Challenges in 3D Data Synthesis for Training Neural Networks on Topological Features

TL;DR

This paper introduces a new method for generating labeled 3D datasets with controllable topological features to improve training and benchmarking of neural network estimators in Topological Data Analysis, addressing a key data scarcity challenge.

Contribution

It presents a systematic approach for creating diverse labeled 3D datasets with controllable topological invariants, facilitating supervised learning and evaluation in TDA tasks.

Findings

Decreased estimator accuracy with increased deformations

Geometric complexity impacts topological estimator performance

Synthetic dataset enables benchmarking of neural TDA methods

Abstract

Topological Data Analysis (TDA) involves techniques of analyzing the underlying structure and connectivity of data. However, traditional methods like persistent homology can be computationally demanding, motivating the development of neural network-based estimators capable of reducing computational overhead and inference time. A key barrier to advancing these methods is the lack of labeled 3D data with class distributions and diversity tailored specifically for supervised learning in TDA tasks. To address this, we introduce a novel approach for systematically generating labeled 3D datasets using the Repulsive Surface algorithm, allowing control over topological invariants, such as hole count.
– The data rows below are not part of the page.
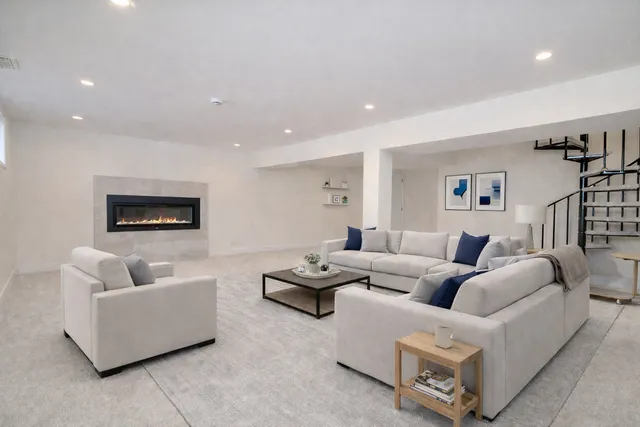 a living room with furniture and a couch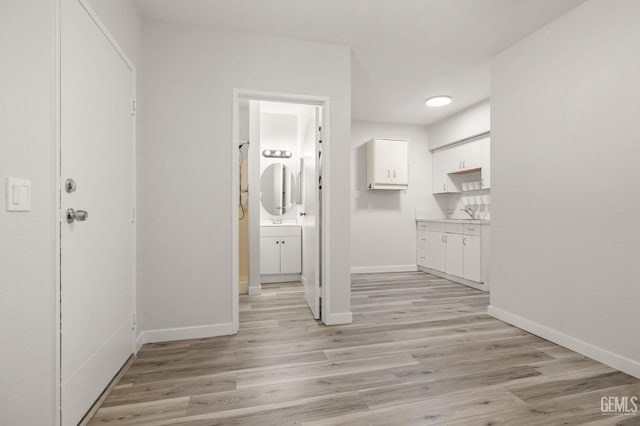 hallway with light wood-type flooring and baseboards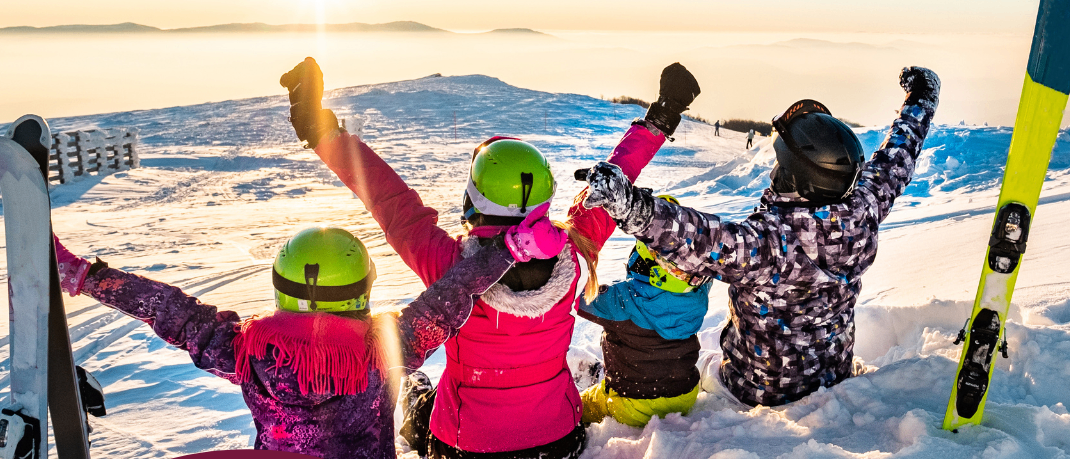Vier Kinder sitzen mit ihren Skiern und Helmen im Schnee. Sie heben ihre Hände. Das Bild hat einen Wasserzeichen von 17.01. & 19.02.2026. Der Hintergrund ist ein Sonnenuntergang.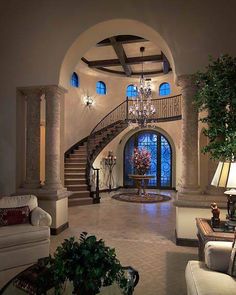 a living room filled with furniture and a chandelier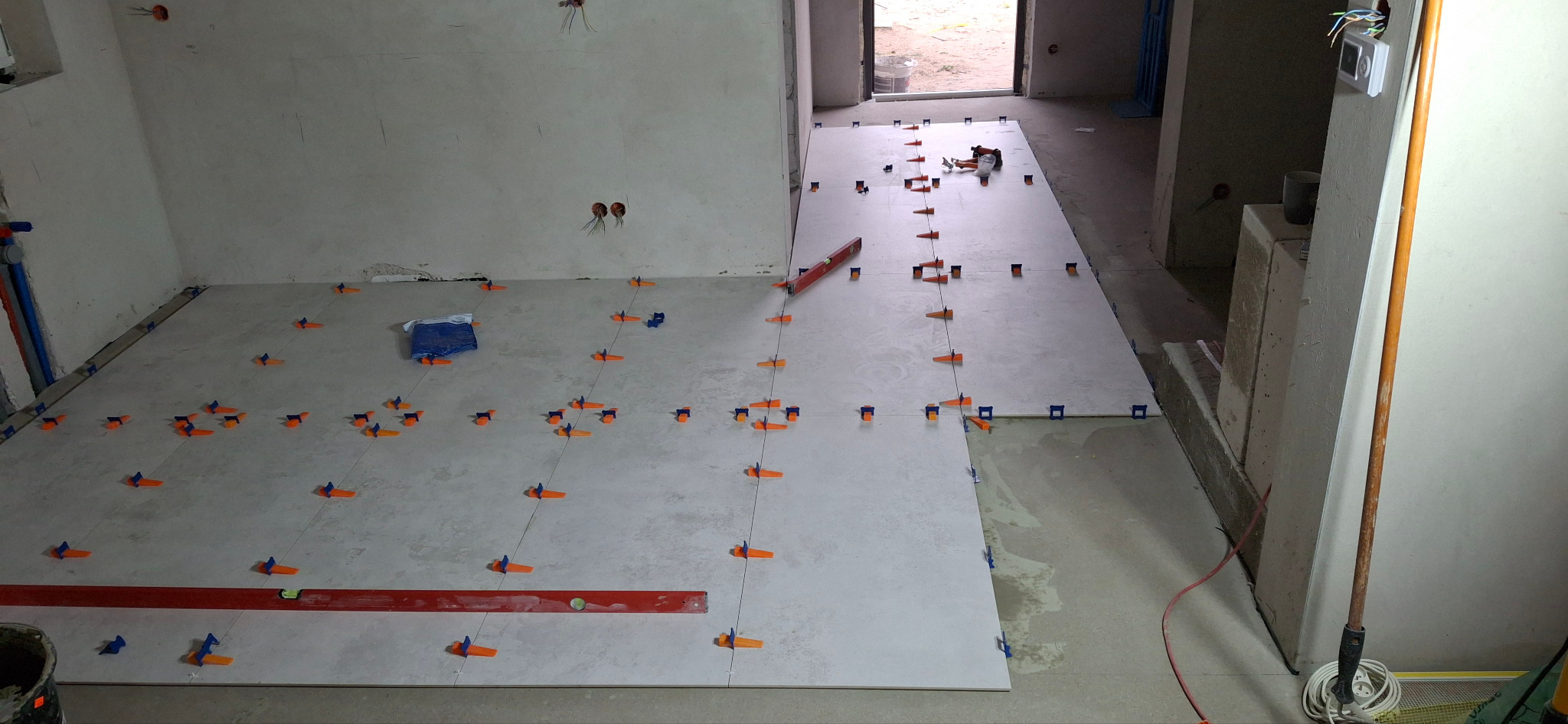 Układanie jasnych płytek podłogowych z użyciem poziomicy i pomarańczowych krzyżyków dystansowych w trakcie remontu łazienki, widoczne instalacje wodne i elektryczne.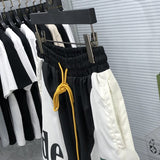 Front view of Rhude luxury clothing with streetwear-inspired cut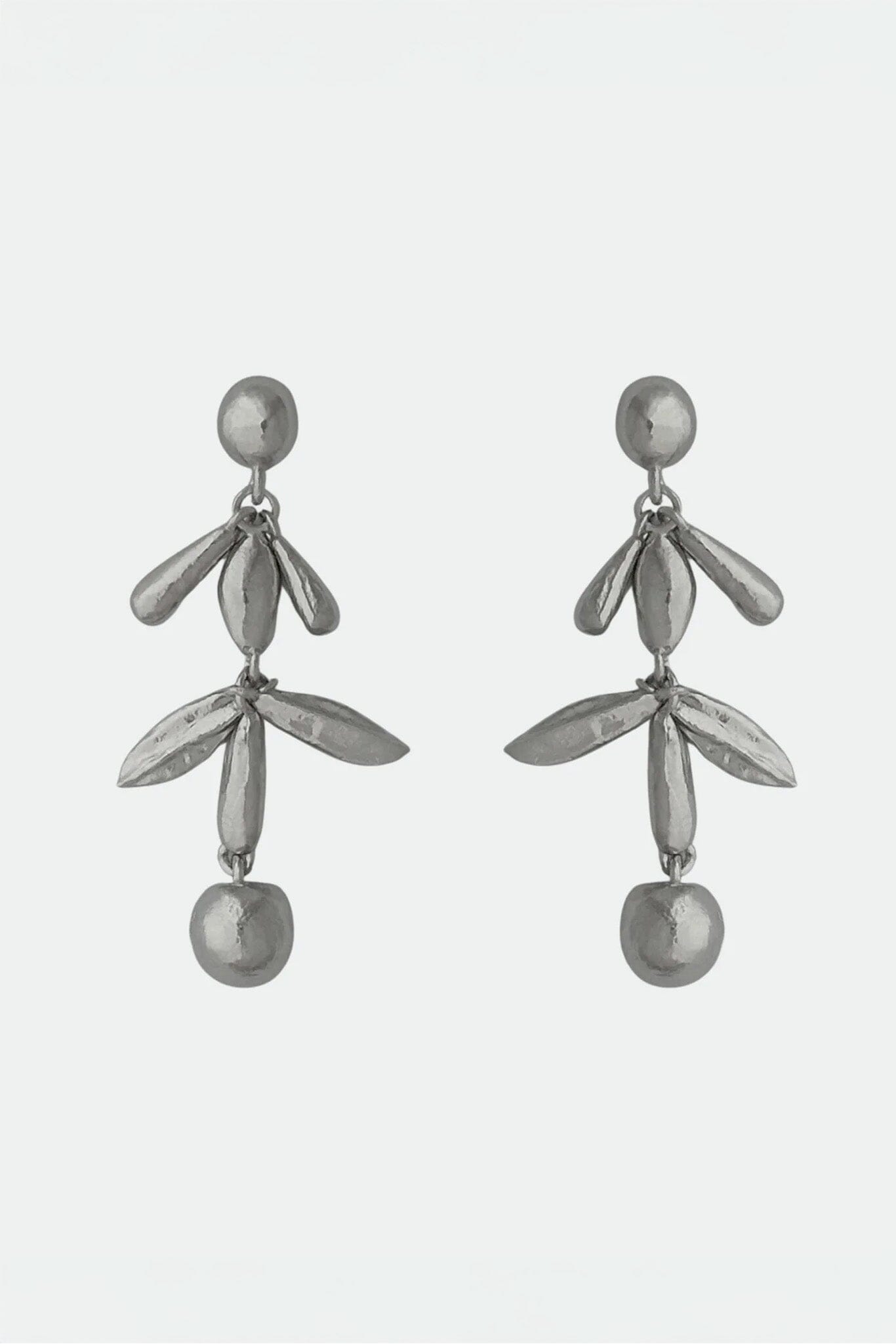 Pair of silver drop earrings with leaf-like designs on a white background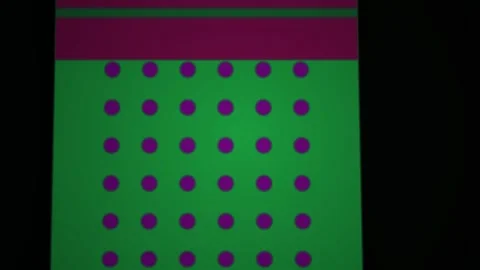 Purple dots on green background pattern. Stock Footage 340040438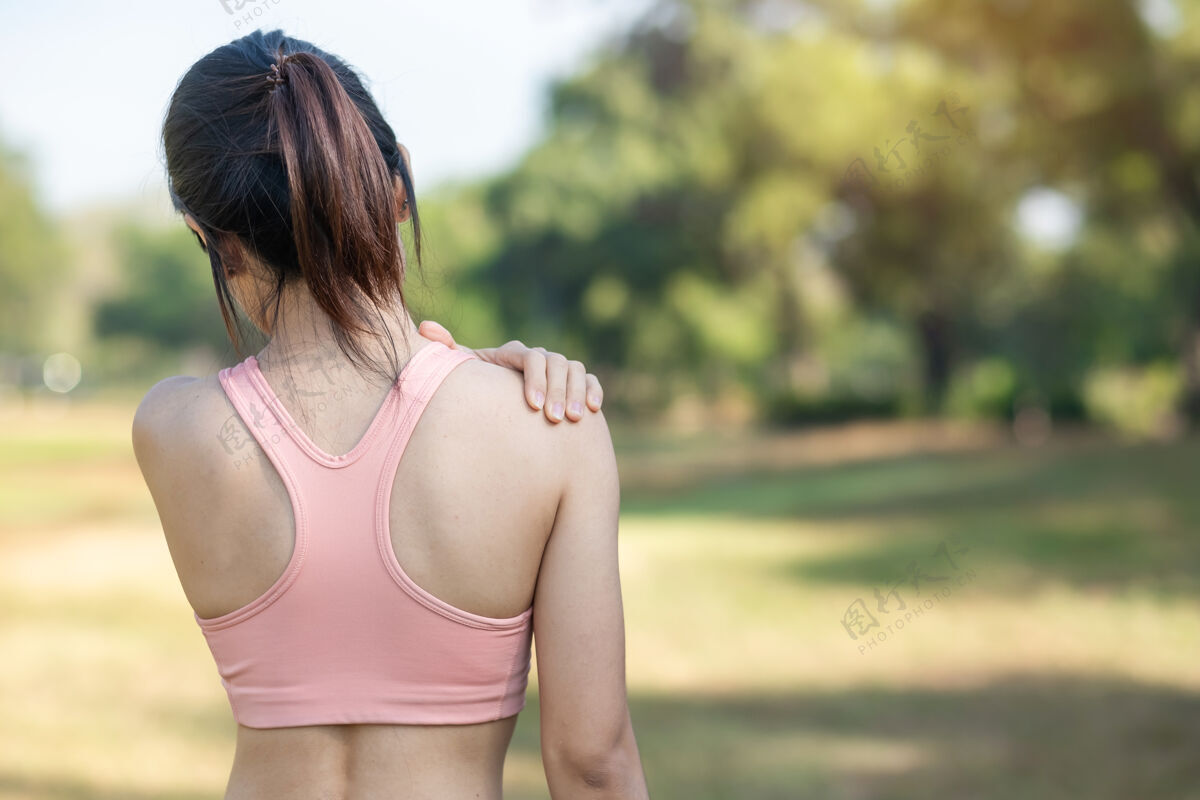 慢跑年轻的健身女抱着她运动受伤的肩膀 运动过程中肌肉疼痛培训.亚洲女跑步者夏天在户外运动后身体有问题物理私人教练健康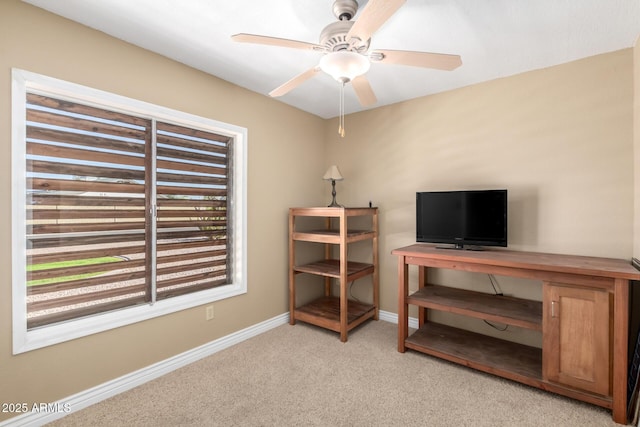 office with a ceiling fan, light colored carpet, and baseboards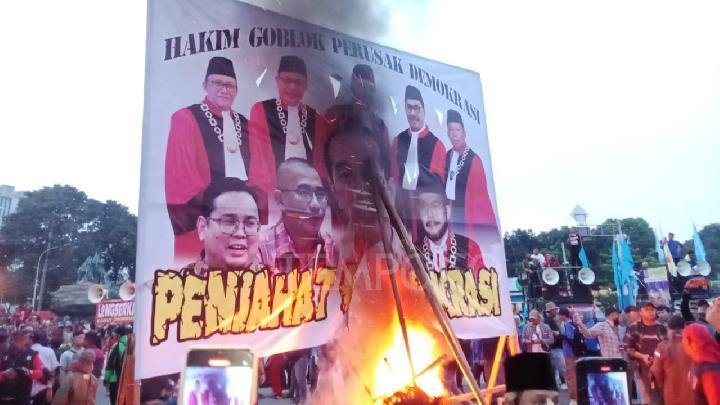 Massa aksi Hari Buruh Internasional membakar baliho bergambar Presiden Joko Widodo dan sejumlah pejabat negara lainnya di kawasan Patung Arjuna Wijaya, Jakarta Pusat pada Rabu, 1 Mei 2024.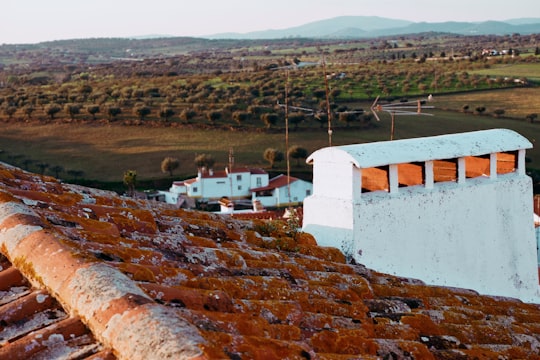 white concrete building on brown field during daytime in Arronches Portugal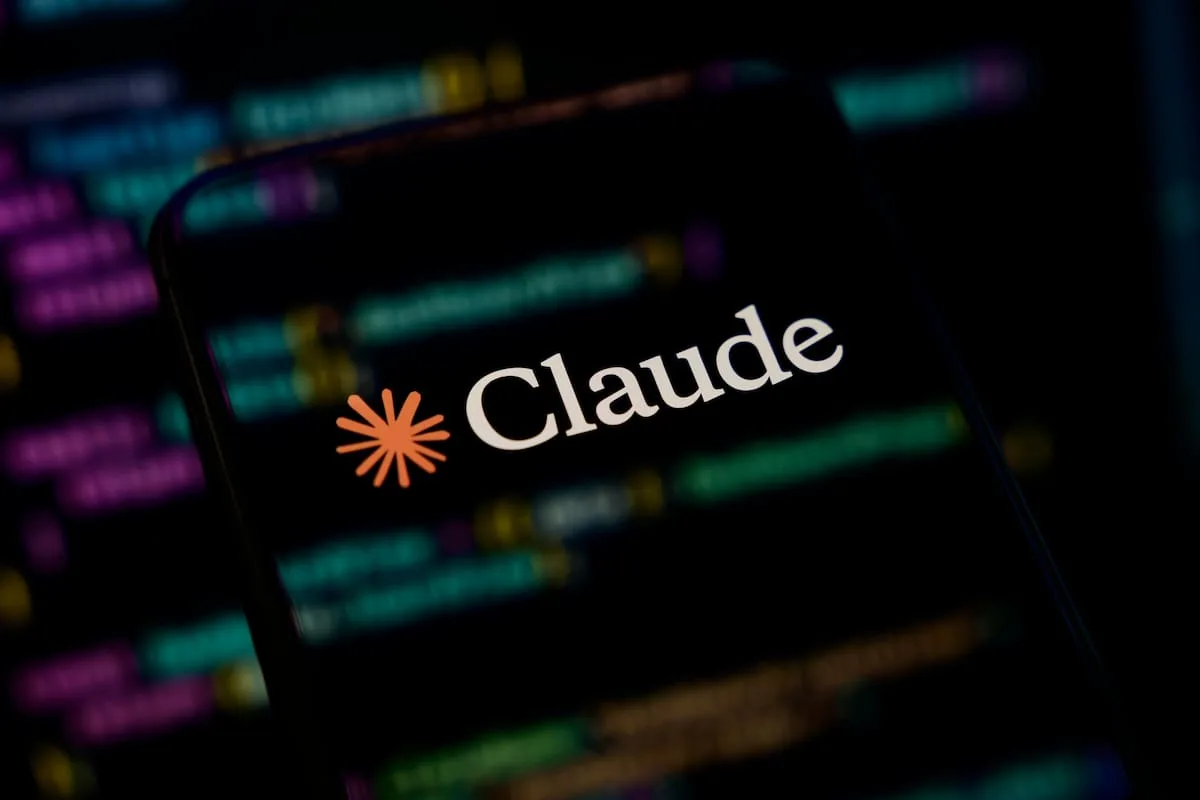 Celular con el logo de Claude sobre un fondo de líneas de código desenfocadas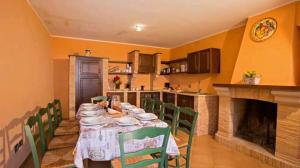 comedor con mesa con sillas verdes y chimenea en Casolare Abruzzese : natura, incanto e mindfulness, en Carunchio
The resulting dataset offers varied geometry with topological labeling, making it suitable for training and benchmarking neural network estimators. This paper uses a synthetic 3D dataset to train a genus estimator network, created using a 3D convolutional transformer architecture. An observed decrease in accuracy as deformations increase highlights the role of not just topological complexity, but also geometric complexity, when training generalized estimators. This dataset fills a gap in labeled 3D datasets and generation for training and evaluating models and techniques for TDA.